Don’t look up, don’t look up, don’t look up.
Walking in a boot naturally drew other customers’ gazes, so I focused on watching the square tiles on the floor and walking to the back of the store. The tiny hairs at the nape of my neck we still wet from exercising at PT, so I bent over my head to toss my hair into a bun. Doing so, I knocked my hip into a brown container of overripe plantains, and a ringing pain went through the front of my shin.
God damn it!
I hadn’t made it far into the produce aisle without making a scene, and I hadn’t even grabbed anything on my list yet.
You’re not going to buy those foods, you weren’t going to eat them anyways.
I pulled out the list again, and then I looked around the produce section. I felt much more comfortable there than in the aisles filled with the foods that fear me, processed and saturated and destructive to the human body. I looked at the list of foods I knew would betray me, and I tore it up into tiny pieces and stuffed them back in my pocket. I’d have to call my dietician and tell her three times was most certainly not a charm, that I’d been beaten by my own mind yet again and fallen victim to my own imaginary fears.
I hobbled out of Whole Foods before the tears fell from my eyes. The sun hitting my face as I entered the parking lot didn’t help, so I picked up my pace trying to rush to my car. My panic couldn’t wait any longer, and the tears fell in huge goblets down to the seatbelt.
I couldn’t even buy the foods, let alone eat them. Where the hell am I supposed to go now?
Regardless of the countless failures before, the force of a failed shopping list crashed through my chest in heaving sobs as I drove down Orchard Lake Road. I wasn’t driving anywhere, but I had to go away from the market, and fast.
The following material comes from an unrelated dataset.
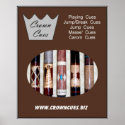 Crown Cues Poster with pool cues posters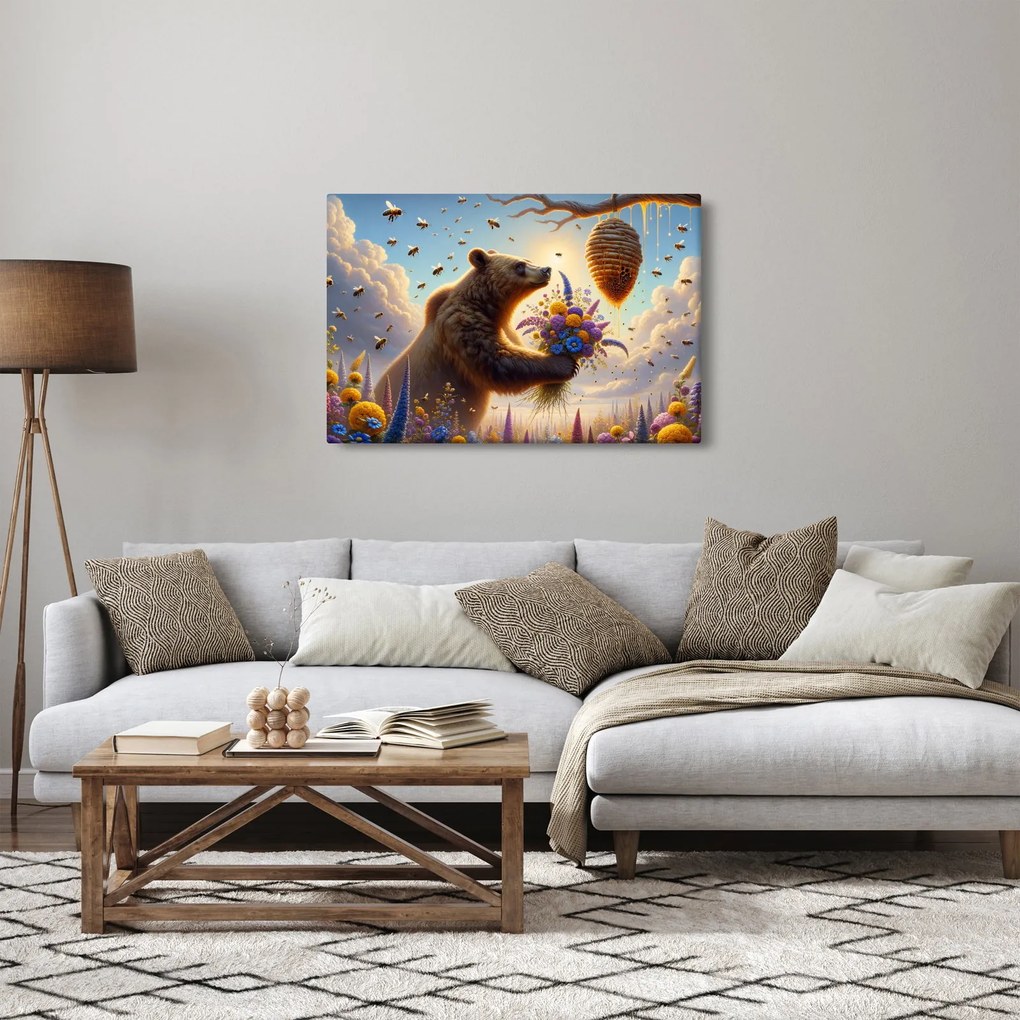 Obraz - Medveď a včielky (90x60 cm)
It didn’t matter how much I had prepared before the market; my dietician and I would negotiate back and forth over what foods belonged on the list, how I’d walk in and out quickly, and that calm breathing would get me through all of it.
Well, that turned out well.
I pulled into the parking lot of investment banking firms and parked next to a man eating lunch in his Buick. I didn’t wait for him to finish his sandwich; I sobbed with full knowledge that he could see me one window over, broken down in sobs over my steering wheel.